Donald Trump's trade war has begun, and many US companies are scrambling to adjust to his new tariffs on Chinese-made goods.

But one person whose business will not be affected is his daughter Ivanka Trump.

Clothing and shoes were spared from the firing line, rendering the President's eldest daughter immune to the sweeping transition.

Her fashion line distributes women's clothes, shoes, handbags and jewellery that are currently or previously were produced in a number of Asian countries including China.


The company's Chinese manufacturers, including Chengdu Kameido Shoes in Sichuan and Hangzhou HS Fashion, will continue to produce Ivanka Trump products without facing any impact by the tariffs, the Huffington Post reported.
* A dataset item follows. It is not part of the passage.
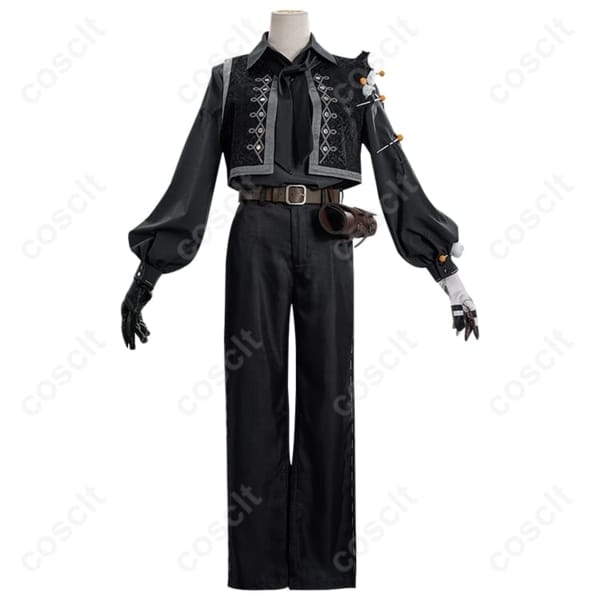 第五人格 人形師（マティアス・チェルニン）コスプレ衣装 高再現で撮影映えのフルセット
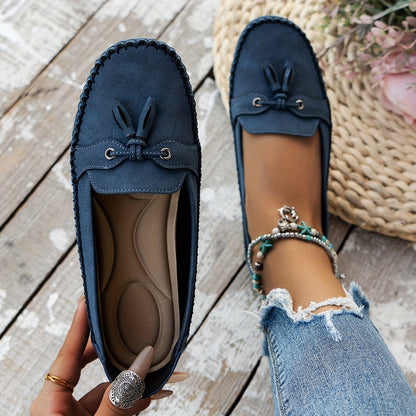 AmyVictoria | Lightweight Classic Loafers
In a press release, the Office of the United States Trade Representative explained that the goods affected were chosen based on what would impact the US economy and American customers the least.

"Trade analysts from several US Government agencies identified products that benefit from Chinese industrial policies, including Made in China 2025," the release said.

"The list was refined by removing specific products identified by analysts as likely to cause disruptions to the US economy, and tariff lines that are subject to legal or administrative constraints.

"The remaining products were ranked according to the likely impact on US consumers, based on available trade data involving alternative country sources for each product. The proposed list was then compiled by selecting products from the ranked list with lowest consumer impact."

In other words, banning the categories Ivanka's goods fell into would have a greater impact on American shoppers than those that Trump has threatened, which includes fish, electronics, produce and beauty goods.

But it does appear to contradict Trump's "buy American and hire American" stance, given his daughter has manufactured 100 per cent of her fashion products in China and Hong Kong, according to the Huffington Post.

After months of back-and-forth threats between the two powers, steep US tariffs on tens of billions in Chinese goods came into effect last week.

The US will tax 818 Chinese products — worth a total of US$34 billion ($50.1b) per year.

The remaining products will remain off the list until after the government has assessed the situation.

China is not happy about this, and Beijing retaliated with the same value: 25 per cent tariffs on US products worth US$34b per year, including soybeans, seafood and crude oil.

More recently, the rising superpower vowed to retaliate with a further US$200b on US goods, after the US threatened to expand tariffs to thousands of Chinese imports like fish sticks, apples and French doors.

If it escalates further, the US-China trade war is expected to have global consequences on businesses across Asia, the US and Europe.